Extraordinary General Meeting
The Offering is subject to an authorisation by the EGM and a resolution by the BoD. The EGM will be held on 8 June 2026. Preliminarily and depending on the market conditions, the subscription period of the Offering is estimated to commence during the second quarter of calendar year 2026.
Advisors
Danske Bank A/S, Finland Branch and Nordea Bank Abp are acting as the joint global coordinators (the “Joint Global Coordinators”) in the Offering. Aventum Partners Ltd is acting as the financial advisor to the Company. Castrén & Snellman Attorneys Ltd is acting as the legal advisor to the Company. Borenius Attorneys Ltd is acting as the legal advisor to the Joint Global Coordinators.
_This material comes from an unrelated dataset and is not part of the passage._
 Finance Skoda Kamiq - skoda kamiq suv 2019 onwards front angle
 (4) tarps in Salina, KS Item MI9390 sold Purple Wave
Webcast and teleconference
The Company will organise a webcast and a teleconference with the President and CEO Charles Héaulmé regarding how the Offering will enable the execution of profitability-enhancing improvements as part of the Full Potential Program and provide flexibility through the strengthening of the Company’s capital structure. The event will be organised on May 19, 2026 at 9:00 EEST. You can follow the webcast at URL https://suominen.events.inderes.com/2026-05-webcast. You may register for the teleconference at URL https://events.inderes.com/suominen/2026-05-webcast/dial-in.
The presentation is available on the Company’s website at URL https:// merkintaoikeusanti.suominen.fi/en, and a link to the recorded webcast will be available on the website after it has been held.
SUOMINEN CORPORATION
Board of Directors
For further information, please contact:
Charles Héaulmé, President and CEO, tel. +358 10 214 3268
Suominen manufactures nonwovens as roll goods for wipes and other applications. Our vision is to be the frontrunner for nonwovens innovation and sustainability. The end products made of Suominen’s nonwovens are present in people’s daily life worldwide. Suominen’s net sales in 2025 were EUR 412.4 million and we have almost 700 professionals working in Europe and in the Americas. Suominen’s shares are listed on Nasdaq Helsinki. Read more at www.suominen.fi.
Distribution:
Nasdaq Helsinki
Main media
www.suominen.fi
IMPORTANT NOTICE
This release is not an offer for sale of securities in the United States. Securities may not be sold in the United States absent registration with the United States Securities and Exchange Commission or an exemption from registration under the U.S. Securities Act of 1933, as amended. The Company does not intend to register any part of the share issue in the United States or to conduct a public offering of securities in the United States.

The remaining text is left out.